- _Exercise data_:
>>>>>
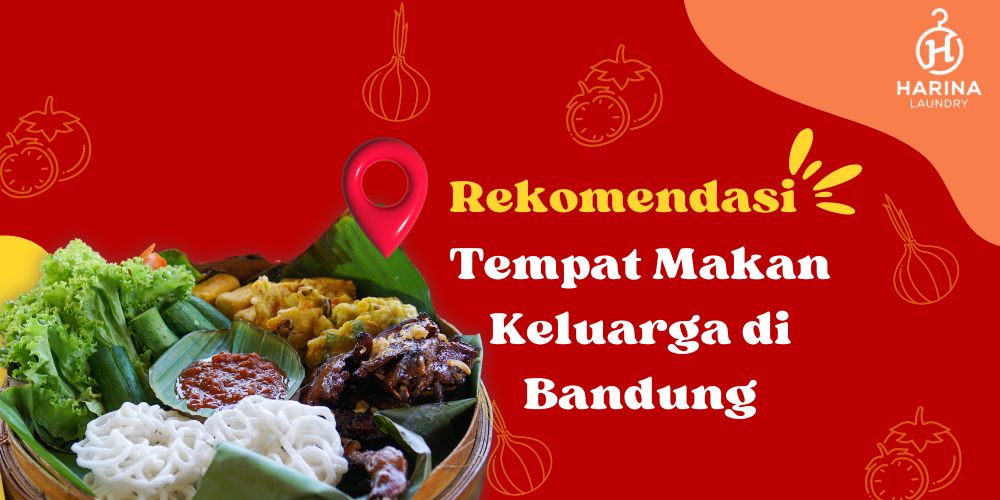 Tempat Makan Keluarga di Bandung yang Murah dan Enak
<<<<<
>>>>>
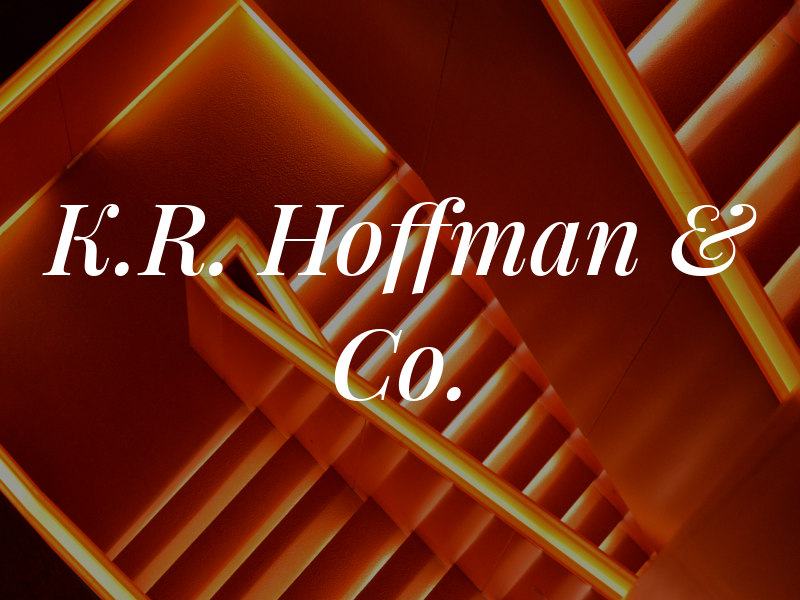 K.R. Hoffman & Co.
<<<<<
>>>>>
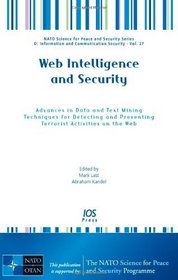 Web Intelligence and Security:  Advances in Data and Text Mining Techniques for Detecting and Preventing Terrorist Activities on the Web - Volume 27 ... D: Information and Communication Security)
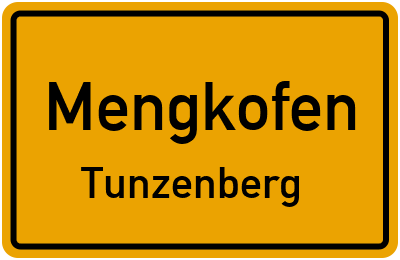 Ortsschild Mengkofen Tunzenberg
<<<<<
What you return must match the lines above from the one with "Web Intelligence and" through the one with "Ortsschild Mengkofen Tunzenberg" exactly, with both ends included and the pictures excluded.

- _Answer area_:
 Web Intelligence and Security:  Advances in Data and Text Mining Techniques for Detecting and Preventing Terrorist Activities on the Web - Volume 27 ... D: Information and Communication Security)
 Ortsschild Mengkofen Tunzenberg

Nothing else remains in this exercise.